He'd already found and examined the small fortune of vials, powders and injectors marked Imperial Medicines. "What makes you think I give a damn?"
"Because you offered to help me when I was on Coruscant." Her expression was growing more desperate by the second. "I never wanted to hurt you. I didn't have any other choice. I had to leave when I did. I told you as much of the truth as I could. "
"Yeah, well you're certainly one hell of an actress," Han drawled sardonically. "You just made up a few details, like having money stashed offworld. And fucking me before you drugged me and took off with my ship. That was a very nice touch. In fact, I think it sums up my memories of you rather succinctly. You know, you and your brother are more alike than I thought. And unnaturally close, according to him."

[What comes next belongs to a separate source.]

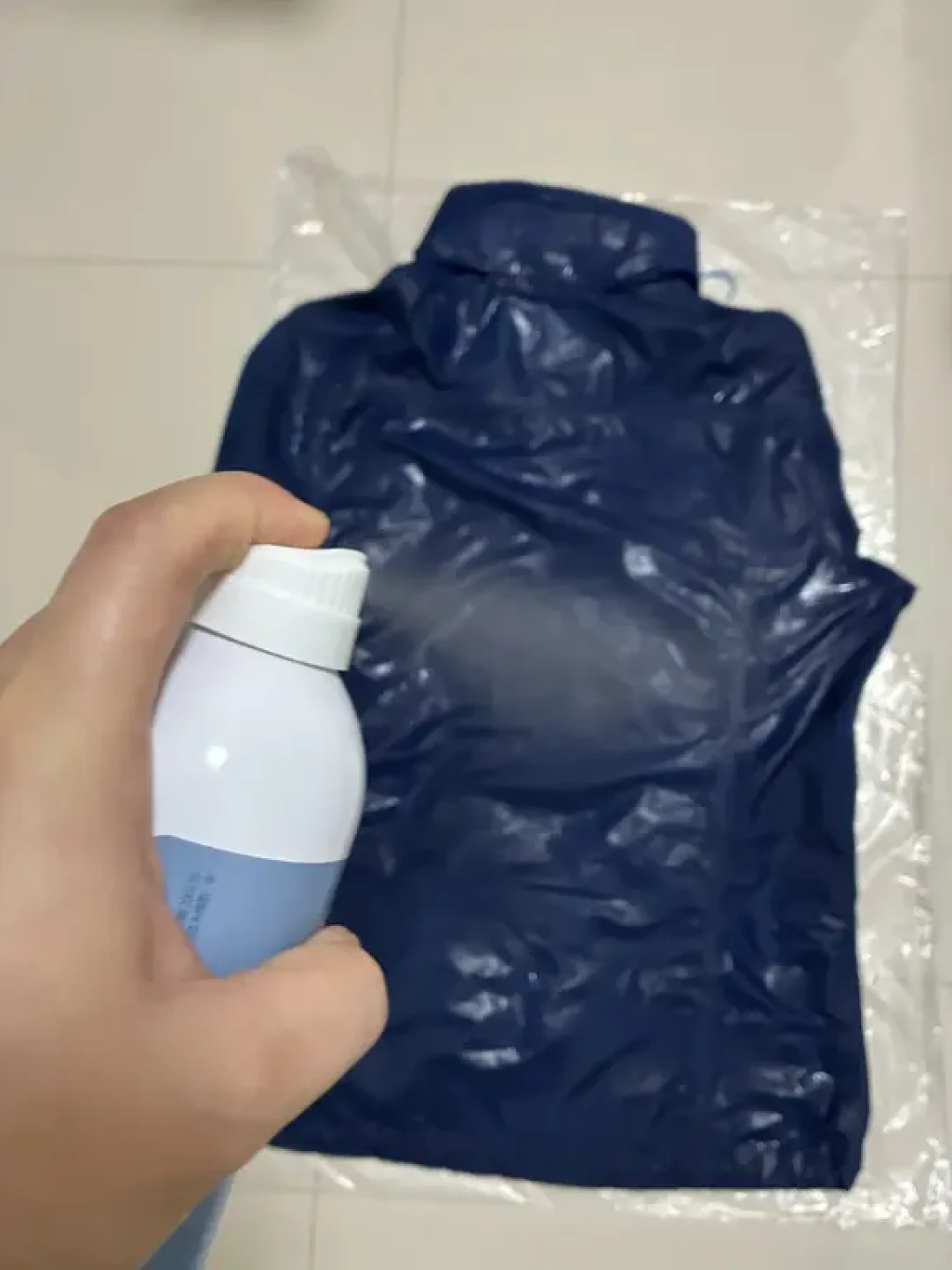 探路者冲锋衣淋雨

She didn't flinch, but had the grace to appear chastised, almost. But apparently, Han hadn't searched her all that thoroughly, because Leia had found something he'd missed. She scrambled away from him holding a tiny vibroblade out, but as he brought the blaster up, she changed tactics and drew the blade against her own throat.
"Hey," he muttered. "Let's not do anything crazy here."

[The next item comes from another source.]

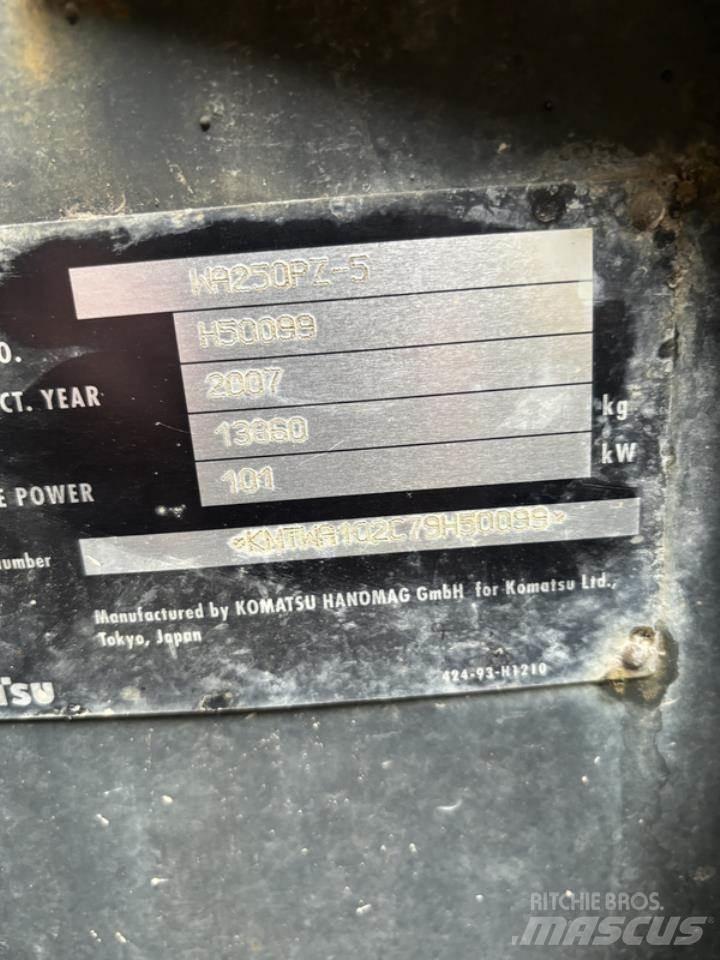 Komatsu WA250PZ-5 Utovarivači na točkove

"Crazy?" she hissed. "What would you have me do? You've commandeered my ship and have me at blaster-point. I won't go back to Coruscant."

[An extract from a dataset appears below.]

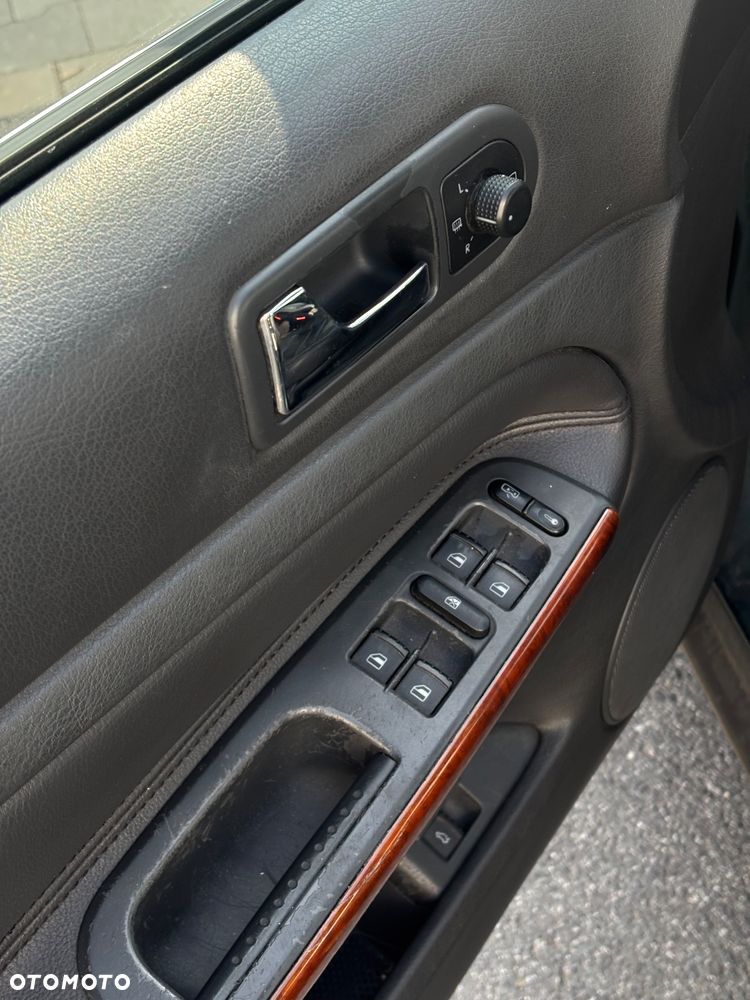 Volkswagen Passat - 13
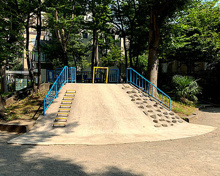 新宿区立東五軒公園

"I'm not here to take you back."
"But he probably knows you're here."
He held the blaster on her. He was sure she was only bluffing. "No one knows I'm here."
"You could have been followed." She sounded panicked, hysterical even, and looked frantic, her bleeding lips drawn back from her teeth. She held the vibroblade close enough that he could see her jugular beating beneath the blade. It would cut like butter.
"I wasn't." Han wondered if this wasn't a trick, if she was terrified that Luke Skywalker was cloistered in another part of the ship. "I'm not working for him. Put that down."
"No."
"I'm putting mine down. See." Han crouched and set the blaster across his knees in an effort to look less threatening. She was like a trapped animal, pretending to be tame and docile but he knew if he went near her, she would attack. "I know he's cruel. He carved up a man that worked for me."
Her face paled and her mouth became a taut line. She was breathing hard through her nose and a sliver of blood had formed beneath the triangle of vibrating metal. "How can you be sure?"
"Because I'm good."
"But you can't be sure."
"You're going to have to take my word for it." Han hadn't planned on a suicidal standoff in the cockpit and he was all too aware that Jasod would probably wake up soon. "You know what," he bluffed, "If you want to kill yourself because you think I came to take you back, go ahead and do it right now. Because I'm not turning you over to him or any authorities. As far as I'm concerned, possession of this ship is between you and me, and now that I have her back, you're free to go. Walk off the ship."
Leia calmed long enough to consider that. Then she asked, "Then why were you waiting here?"
"Huh?"
"If you're not going to kill me or bring me back to Coruscant and all you wanted was your ship, why didn't you take off a few hours ago?"
"Well I wanted to say my piece."
"And that was it."
Han couldn't remember if he'd thought about killing her or not. It might have been the plan the day Talon gave him the information. "That was it."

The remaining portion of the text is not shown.